What the task asks. Write out the line with "File:Boeing B-52H Stratofortress, USA" and every later line through the end of the data below, exactly as given, with no pictures in the copy.

Collected data.
------------------------------

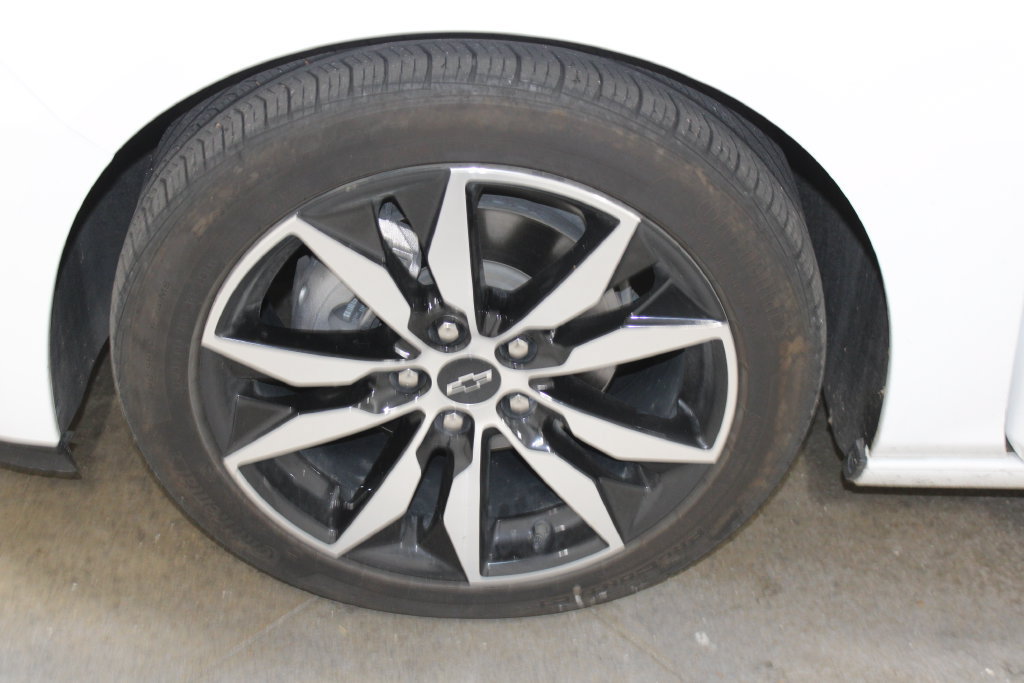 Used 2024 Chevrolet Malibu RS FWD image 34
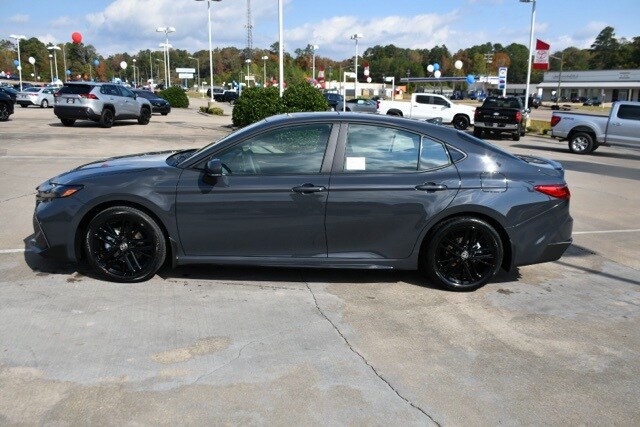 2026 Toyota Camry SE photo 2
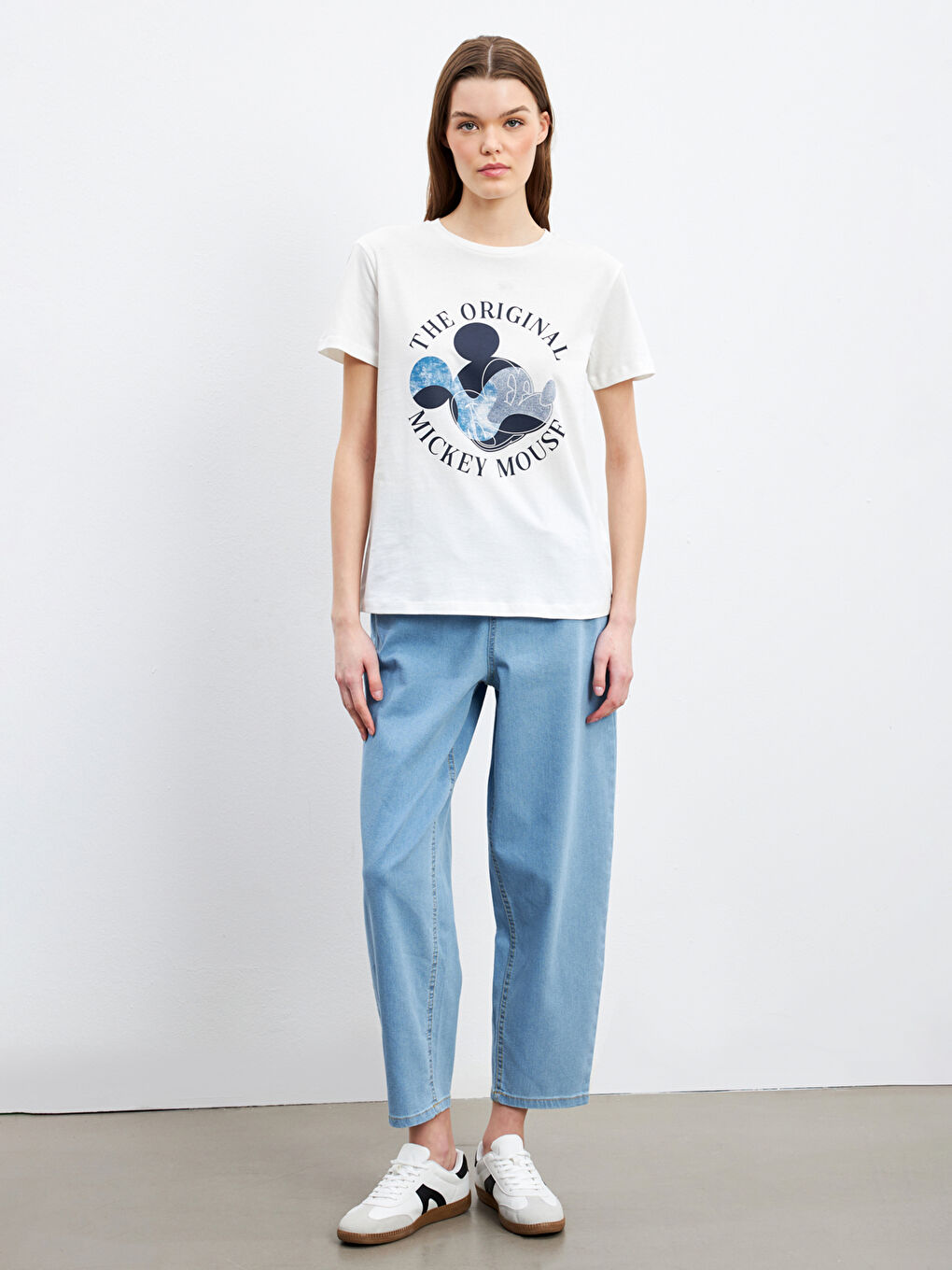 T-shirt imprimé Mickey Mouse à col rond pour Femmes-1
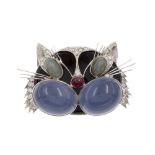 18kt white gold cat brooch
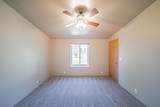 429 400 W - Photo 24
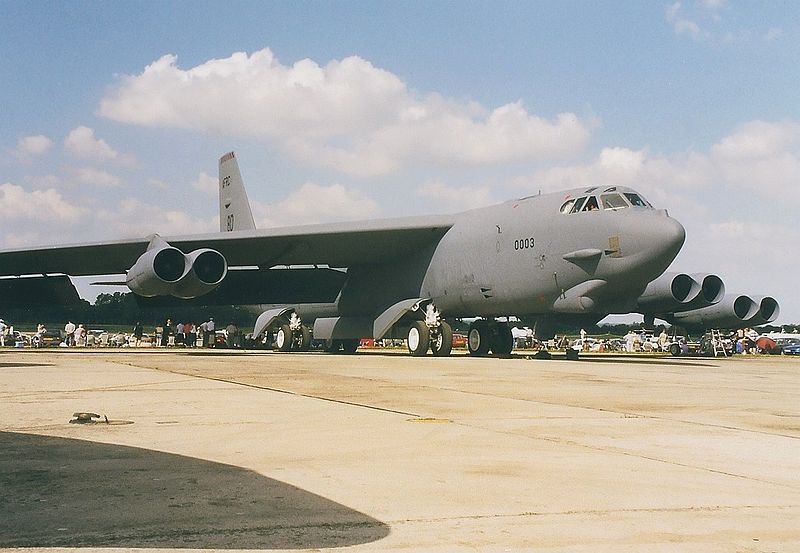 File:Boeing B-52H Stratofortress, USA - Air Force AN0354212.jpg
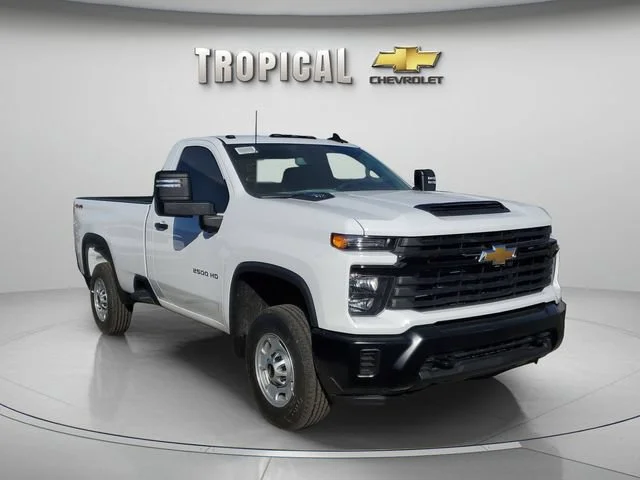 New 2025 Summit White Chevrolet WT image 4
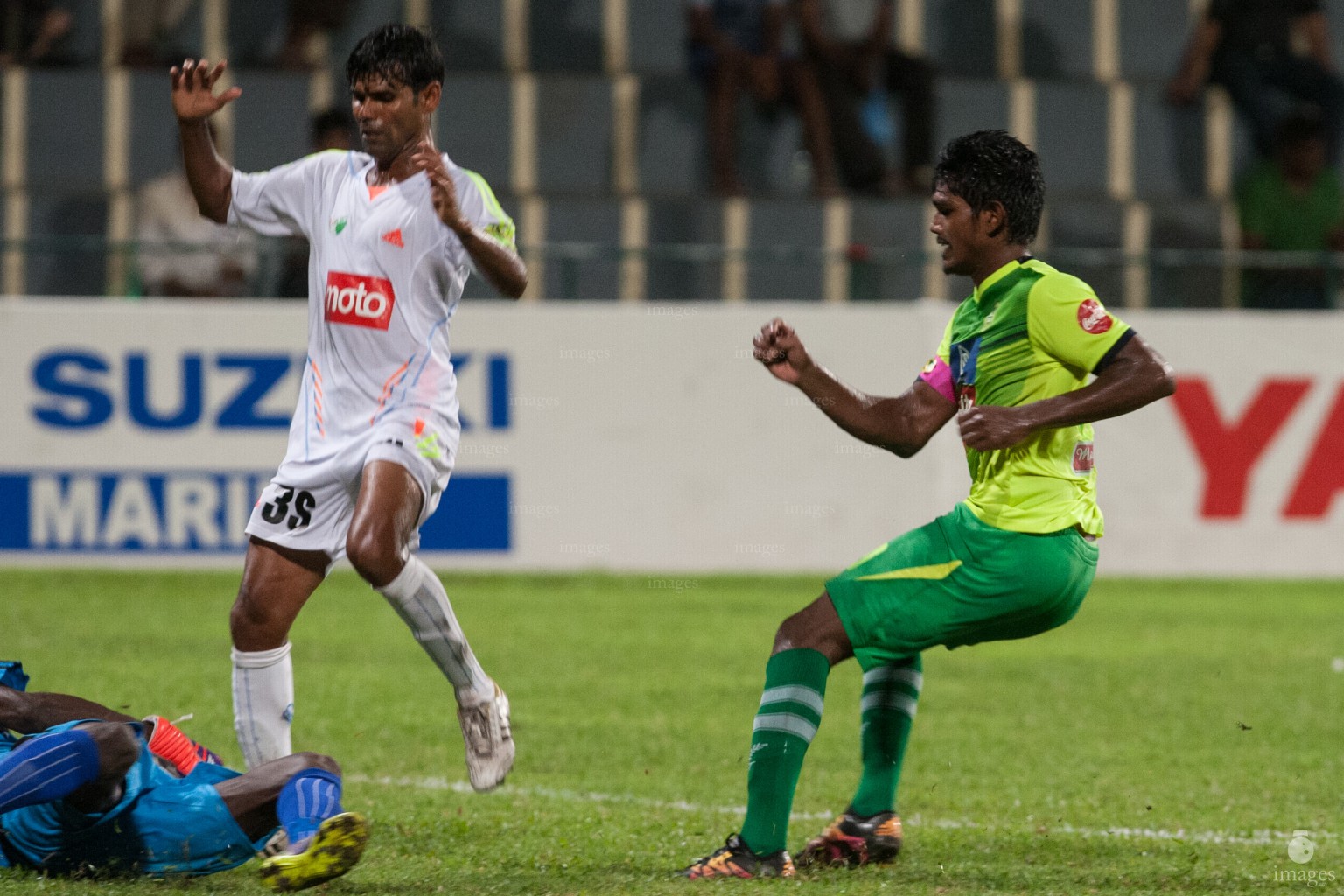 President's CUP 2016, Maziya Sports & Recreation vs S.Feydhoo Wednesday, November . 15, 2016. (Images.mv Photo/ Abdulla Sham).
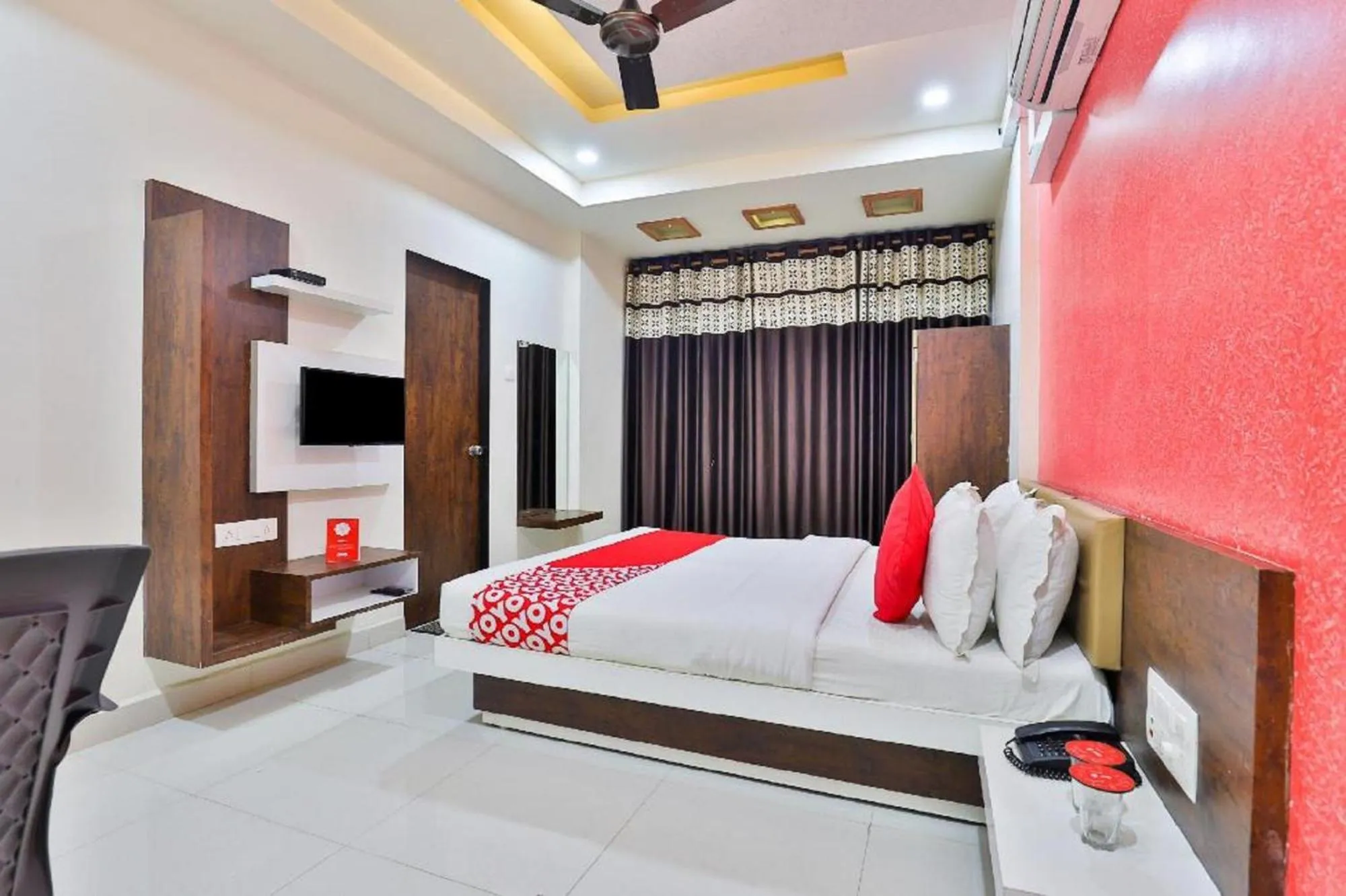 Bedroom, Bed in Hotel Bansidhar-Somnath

------------------------------

Expected answer.
 File:Boeing B-52H Stratofortress, USA - Air Force AN0354212.jpg
 New 2025 Summit White Chevrolet WT image 4
 President's CUP 2016, Maziya Sports & Recreation vs S.Feydhoo Wednesday, November . 15, 2016. (Images.mv Photo/ Abdulla Sham).
 Bedroom, Bed in Hotel Bansidhar-Somnath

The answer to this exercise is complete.